# mexican giant musk turtles?



## hyphen (Apr 4, 2004)

anyone got any good info on these guys? my girlfriend got some red ear sliders and it sort of turned me toward getting a turtle. but i'd rather have a predator (gotta stick to my pred-fish keeping roots). from what i've read so far, these guys and the chiapas musk turtles seem most appealing to me.

anyone got any care tips for me?


----------



## Mettle (Dec 29, 2003)

Off hand I know that they can get over a foot in size, so a large enclosure is definitely needed. (But then, you need that for RES too.) I'm not 100% sure on the water depth for these guys, but I know they like it slow moving and calm. Being more predatory, I'm guessing they tend to be a bit more carnivorous but at the end of the day I think most turtles need/eat some vegetable matter.

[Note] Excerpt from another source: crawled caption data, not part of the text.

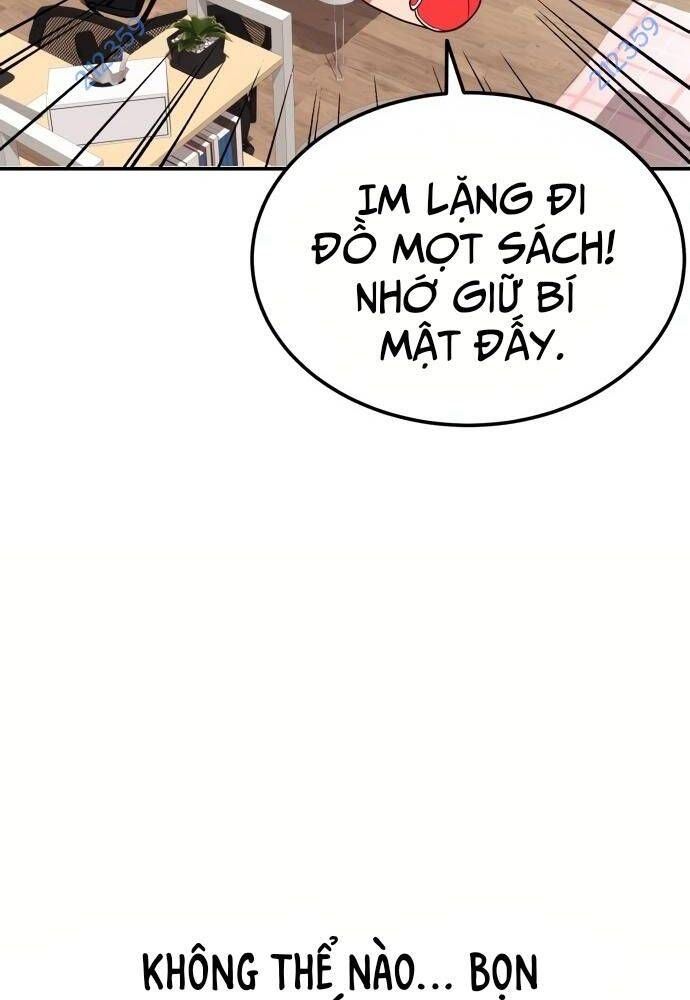 Trang 67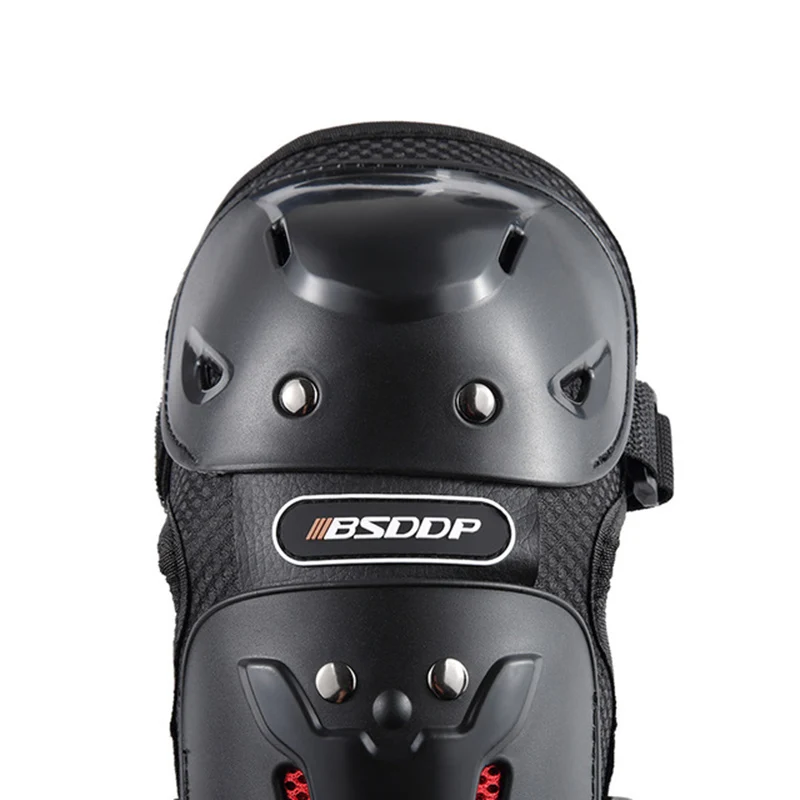 4 шт. Защитные Налокотники GSPSCN для мотоцикла | Автомобили и мотоциклы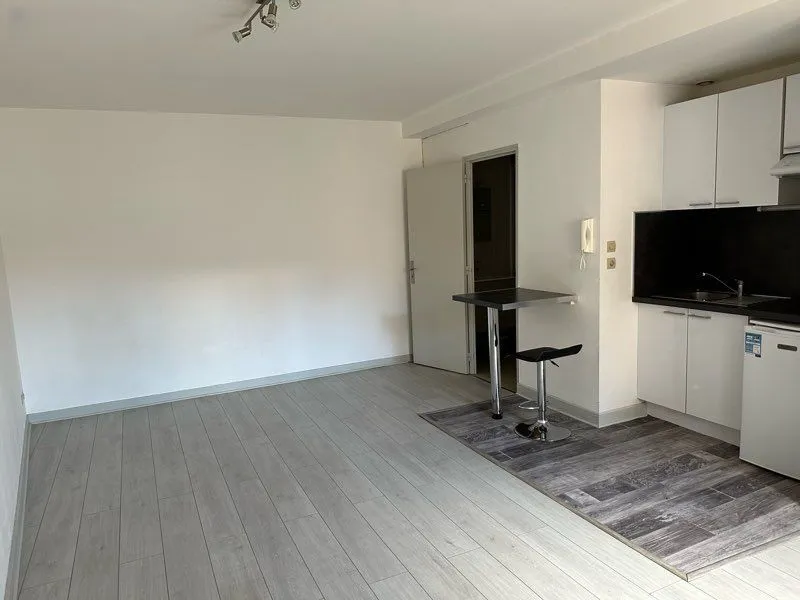 Location Poitiers Appartement 69e64302500c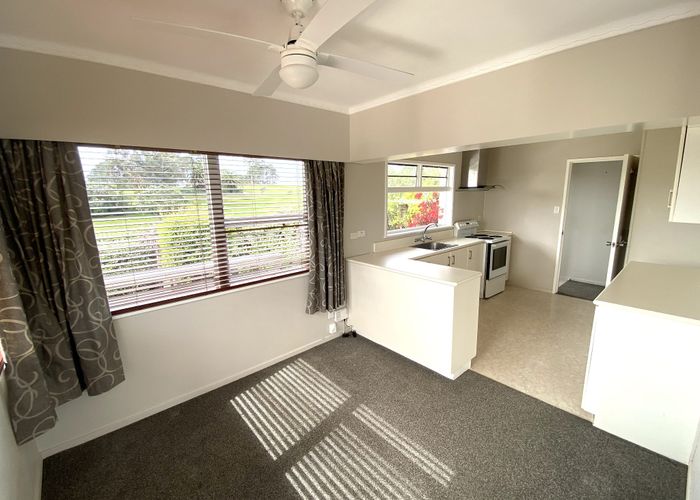  at 1/30 Clovelly Road, Bucklands Beach, Manukau City, Auckland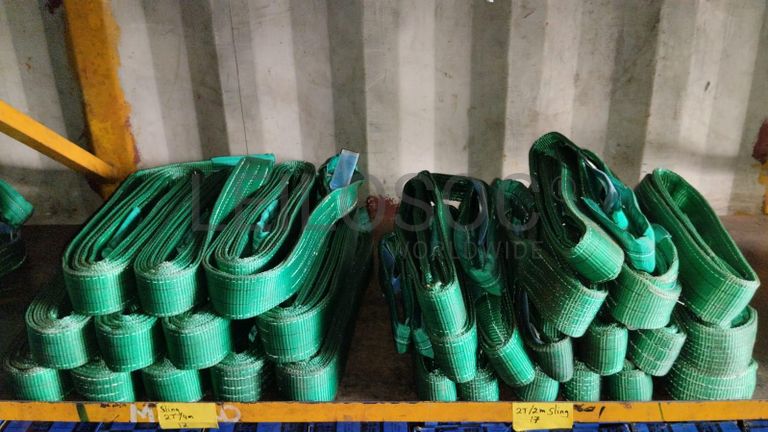 Diversos + Diversos + Grampos + Diversos + Diversos + Diversos + Electrodos + Diversos + Diversos + Diversos + Diversos + Diversos + Fitas + Diversos + Diversos + Máquinas Rebarbadora + Diversos + Pregos 50×2.50mm + Diversos + Cintas + Cintas + Cintas + Cintas + Cintas + Mangueiras para maçarico + Cintos de Segurança + Diversos + Diversos + Porcas + Porcas + Diversos + Pregos + Parafusos + Material Hospitalar + Diversos + Cordas + Diversos + Material para Soldadura + Material para Instalacao electrica + Diversos + Spray Q20 + Braçadeiras + Rolos de rede + Cerca de Segurança + Cabo flexível + Abaraçadeiras + Materia para soldadura + Abraçadeiras + Diversos + Bombas de água + Diversos + Compressor + Contentor de 40P ·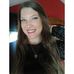 Aletha Jackson - Facebook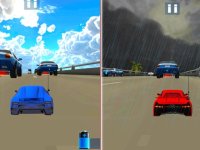 Cкриншот RC Car Race: New RC Style Game, изображение № 2681514 - RAWG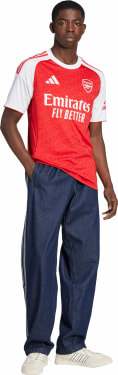 AFC H JSY Heim-Trikot Aeroready
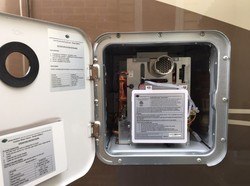 How-Does-an-RV-Tankless-Water-Heater-Work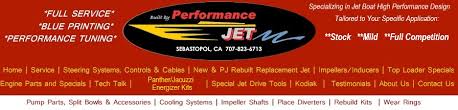 Jet Impellers Super Sale Performancejet Com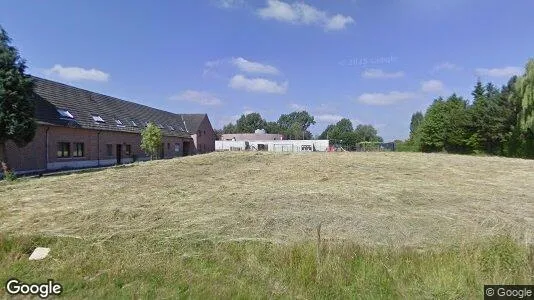 Apartments for rent in Alken - Photo from Google Street View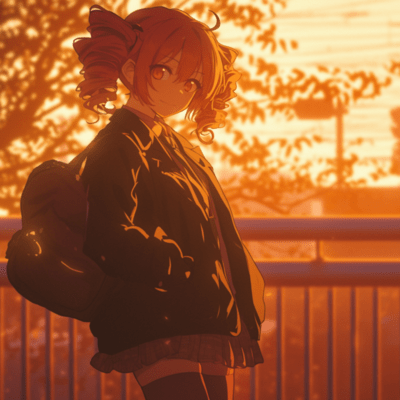 kokonitatsuriyuu (feat. KASANE TETO) Front Cover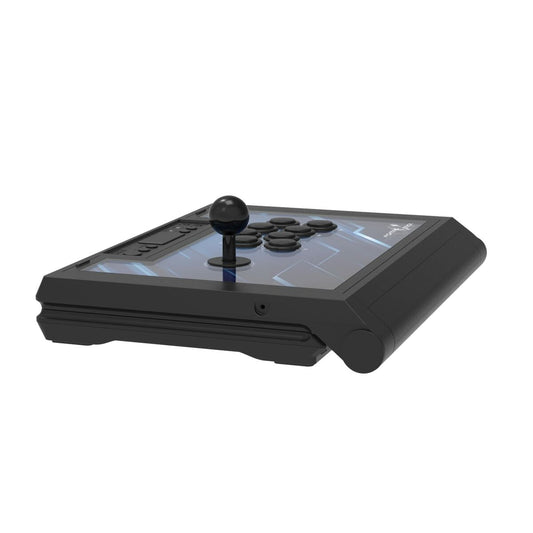 V4H964394131A62F69BA4FB30DF3BC9CFEER7373907P3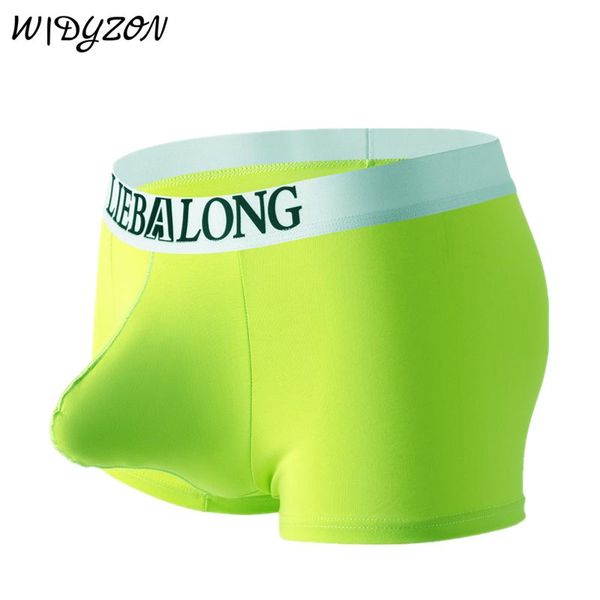underpants cotton mens boxers underwear men boxer shorts u pouch men's panties mid-rise ropa interior hombre boxershorts, Black;white
underpants cotton mens boxers underwear men boxer shorts u pouch men's panties mid-rise ropa interior hombre boxershorts, Black;white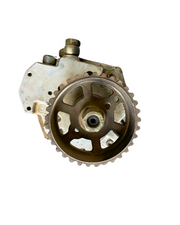 Pompe D’injection Bosch 9637317380 0445010042 1.4 HDI Citroen Peugeot/206 307 1007 XSARA C2 C3 1 2/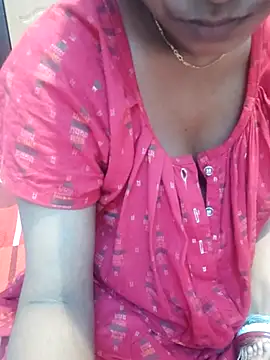 Bengoli--bhabhi online show from February 2025 06:31:01 AM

I think a lot of the ones in the pet trade are wild caught. So that might be of concern. Just a heads up. I'm not sure how many are farmed for the pet trade.


----------



## ChilDawg (Apr 30, 2006)

http://www.turtlesale.com/home/index.php?p...-turtles-page-2 (Expensive!)
http://www.floridaherps.com/-strse-88/Stau...iant/Detail.bok (Cheaper...much cheaper.)
http://www.theturtlesource.com/turtle_inve...mp;id=100200346

http://www.reptilechannel.com/reptile-maga...usk-turtle.aspx
A lot of sites say their care is similar to the other musks, so here's a care sheet: http://www.chelonia.org/Articles/sternotheruscare.htm


----------



## hyphen (Apr 4, 2004)

Mettle said:


> http://www.turtlesale.com/home/index.php?p...-turtles-page-2 (Expensive!)
> http://www.floridaherps.com/-strse-88/Stau...iant/Detail.bok (Cheaper...much cheaper.)
> http://www.theturtlesource.com/turtle_inve...mp;id=100200346
> 
> ...


kthx. going to check those out now.


----------